When you understand the university’s policy on sexual violence, you stand with us in creating a culture of consent. Learn about the rights and responsibilities of all students, faculty and staff.

 

Rights

Universal rights

Everyone has the right to:

  • work and learn in an environment free of sexual violence

  • access supports through the university

  • receive information about filing a complaint

Everyone involved in a report or investigation of sexual violence has the right to confidentiality and to reasonable modifications to working, learning or living arrangements. 

Survivors’ rights

Any individual who experiences sexual violence—whether or not they choose to file a complaint—has the right to:

  • confidentiality

  • information about services on and off campus

  • information about reporting options, including whether or not to report an incident of sexual violence 

  • choose whether or not to report an incident of sexual violence to the university, law enforcement agencies, Alberta Human Rights Commission, or any other authority

  • assistance with safety planning

  • be kept informed about the university's response to a complaint.

Complainants’ rights

Individuals who file a complaint after experiencing sexual violence have the right to:

  • confidentiality

  • information about services on and off campus

  • choose whether or not to report an incident of sexual violence to law enforcement agencies, Alberta Human Rights Commission, or other authority

  • modifications to their working or learning environment

  • a fair and unbiased investigation process

  • withdraw a complaint at any time, but must be aware that the university may be required to pursue an investigation

  • a support person during the investigation process. The role of the support person is not to advocate for the complainant.

  • representation from the MacEwan Staff Association or the MacEwan Faculty Association, if they are a member of the association.

Reporters’ rights

Individuals who are neither survivors nor respondents and file a complaint of sexual violence have the right to:

  • confidentiality

  • information about services on and off campus

  • choose whether or not to report an incident of sexual violence to the police, RCMP, Alberta Human Rights Commission, or any other authority

  • modifications to their working or learning environment.

Respondents’ rights

Respondents are individuals who have been named as carrying out an act of sexual violence. These individuals have the right to:

  • confidentiality

  • a fair and unbiased investigation process

  • a support person during the investigation process.

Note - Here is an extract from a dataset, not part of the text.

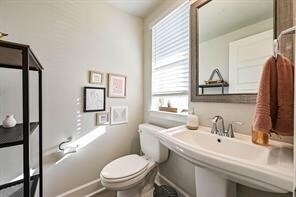 Building Photo - 2028 Barbette St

The support person may not advocate for the respondent.

  • information about the complaint review process, investigations and potential outcomes

  • information about on and off campus supports and resources, including academic or work modifications and interim measures as determined during the response

  • representation from the MacEwan Staff Association or the MacEwan Faculty Association, if they are a member of the association

  • appeal if the investigation concludes that the Sexual Violence policy was breached.

MacEwan University’s rights

As outlined in the sexual violence policy, the university has the right to:

  • investigate complaints, whether or not

    • a survivor or complainant wants them to, if they are required to do so by law

    • law enforcement is involved

    • charges have been laid

  • stop investigating a complaint if the complaint is registered more than a year after the incident

  • not investigate a complaint

  • discipline members of the campus community based on university policies and/or collective agreements.

 

Responsibilities

Campus community members’ responsibilities

All members of the MacEwan University community are expected to:

  • promote an environment free of sexual violence

  • know about the sexual violence policy and the procedures for responding to sexual violence.

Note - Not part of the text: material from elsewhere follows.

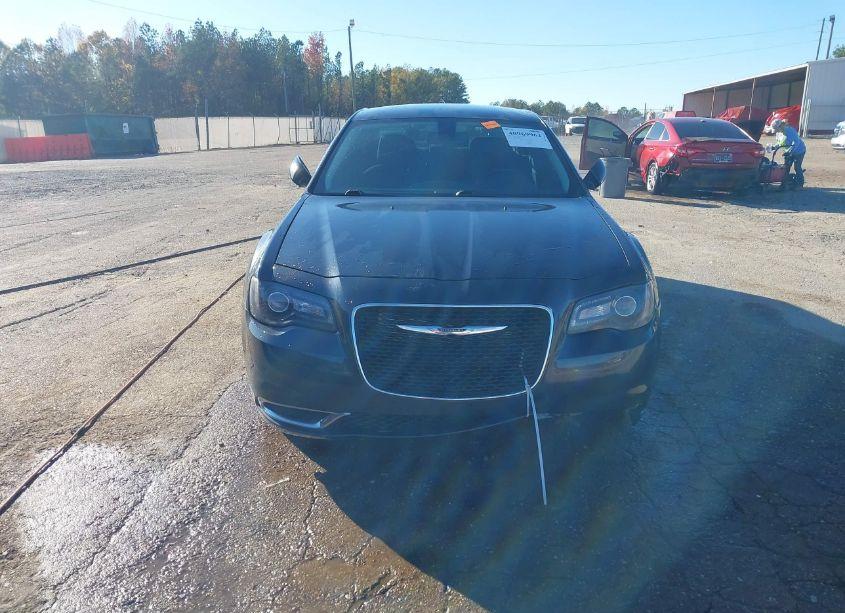 Photo 12 of 2018 Chrysler 300 TOURING (VIN 2C3CCAAG5JH340820)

It is the responsibility of each member of the campus community to:

  • provide appropriate support to anyone who reports sexual violence to them

  • let individuals who disclose know that the Sexual Violence Response Coordinator and Security Services are on-campus resources for support and information 

  • maintain the confidentiality of everyone involved in a report or investigation of sexual violence except when it is believed that there is an immediate risk of harm to self or to another person or the community

  • take appropriate action to prevent further sexual violence.

MacEwan University’s responsibilities

The university’s responsibilities are to:

  • promote an environment free from sexual violence

  • educate on the topic of sexual violence.

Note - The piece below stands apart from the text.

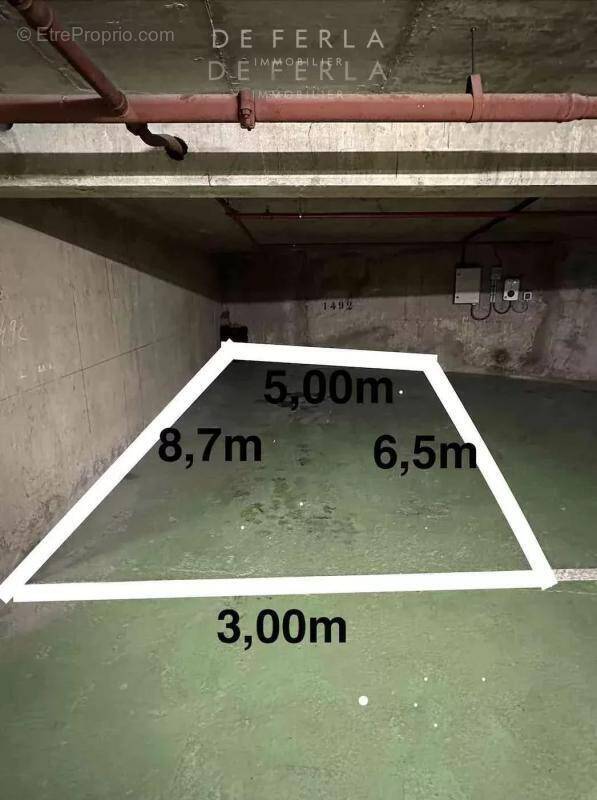 Parking à PARIS-15E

When responding to reports of sexual violence, the university must:

  • maintain the confidentiality of everyone involved in a report or investigation of sexual violence. There are limits to the university’s ability to maintain confidentiality.

  • provide thorough information on reporting options

  • respond to complaints in a fair, effective and timely manner to ensure due process

  • support campus community members through access to counselling, medical care and modifications

  • work with the Sexual Violence Response Team.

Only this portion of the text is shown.